Vintage DD turntables. Are we living dangerously?


I have just acquired a 32 year old JVC/Victor TT-101 DD turntable after having its lesser brother, the TT-81 for the last year.
TT-101
This is one of the great DD designs made at a time when the giant Japanese electronics companies like Technics, Denon, JVC/Victor and Pioneer could pour millions of dollars into 'flagship' models to 'enhance' their lower range models which often sold in the millions.
Because of their complexity however.......if they malfunction.....parts are 'unobtanium'....and they often cannot be repaired.
128x128halcro
And the winner is .....

Belt drive Onedof turntable.

Richard - one final correction.
Halcro keeps posting the VPI Direct Drive raw graph.
10-16-15: Halcro
Here is the real time analogue print-out of the actual sinewave produced by the VPI Direct whilst tracking the 3150 Hz Test Tone.
Unfortunately the raw graph Halcro posts is in fact the Onedof turntable.

Here is the link to the original graphs -
VPI Direct & Onedof raw data graphs
Figure 2 is the VPI Direct raw data graph.
Figure 3 is the Onedof raw data graph.

Interesting to note that the smoothest raw data graph by a substantial margin is the Onedof TT with stretchy rubber belt drive and high mass platter.

Fremers testing and listening notes that the Onedof and Caliburn turntables have similar absolute results, but different shaped graphs They sound substantially different in character, perhaps the raw data graphs go partly to explain it. This of course is conjecture only.
*since the availability of the Feikert Speed App I have regularly stated that the Data downloaded on its 'Chart Info' was imprecise and non-scientific as it was not possible to duplicate the results from test to test.*

Why do we give credence to this in a magazine? Stereophile is Amateur Hour, unprofessional and lacking expertise. Too much trouble for them to conduct a proper test?
Read the specs page on the VPI Direct and all it has is the price.
I propose (without any data to back me up) that the tonearm has a lot of influence on the shape of the Feickert App speed deviations. I believe that unipivots are more easily excited by the 3D eccentricities of the records and thus show a more ragged perhaps more exaggerated trace. This belief is easily attributed to my dislike of most if not all unipivots but at the very least I think it safe to state that the w&f measurements are influenced by the tonearm and are therefore even less comparable from one table to the next.

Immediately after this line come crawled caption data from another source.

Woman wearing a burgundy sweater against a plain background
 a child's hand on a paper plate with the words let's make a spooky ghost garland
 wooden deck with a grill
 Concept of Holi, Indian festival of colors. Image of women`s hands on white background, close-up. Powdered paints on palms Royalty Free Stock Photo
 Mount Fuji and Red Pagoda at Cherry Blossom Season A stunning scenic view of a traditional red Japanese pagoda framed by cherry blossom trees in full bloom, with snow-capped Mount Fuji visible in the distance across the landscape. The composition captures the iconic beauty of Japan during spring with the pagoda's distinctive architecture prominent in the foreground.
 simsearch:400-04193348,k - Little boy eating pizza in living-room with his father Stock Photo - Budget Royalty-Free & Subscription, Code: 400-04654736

Non-sequitur: I was at VPI yesterday and Harry Weisfeld is experimenting with adding additional pivot points to his 3D arms. Good idea.
Aigenga.
re unipivot arms.
You raise an interesting point, different arm bearings may well show a difference in the graphs. (Arm geometry may also show difference, as BT argues.)
That said, have any of the rigs recently listed by Halcro had unipivot arms?
The W&F visible on the raw data for the TT-101 seems to be quite similar from arm to arm. This would imply that the speed changes are localised in the drive unit itself.
I believe that Halcro posted three gimballed arms - the only unipivots that I noticed was the VPI on the Classic Direct. It showed a rather ragged trace.

I lean towards the idea that the regular speed changes on the Feickert traces are the results of record eccentricity; the fact that they occur once per rotation (16 - 17 per 30 second measured period) tells me that they reflect an out-of-round condition and are not due to speed correction feedback which would probably occur far more frequently.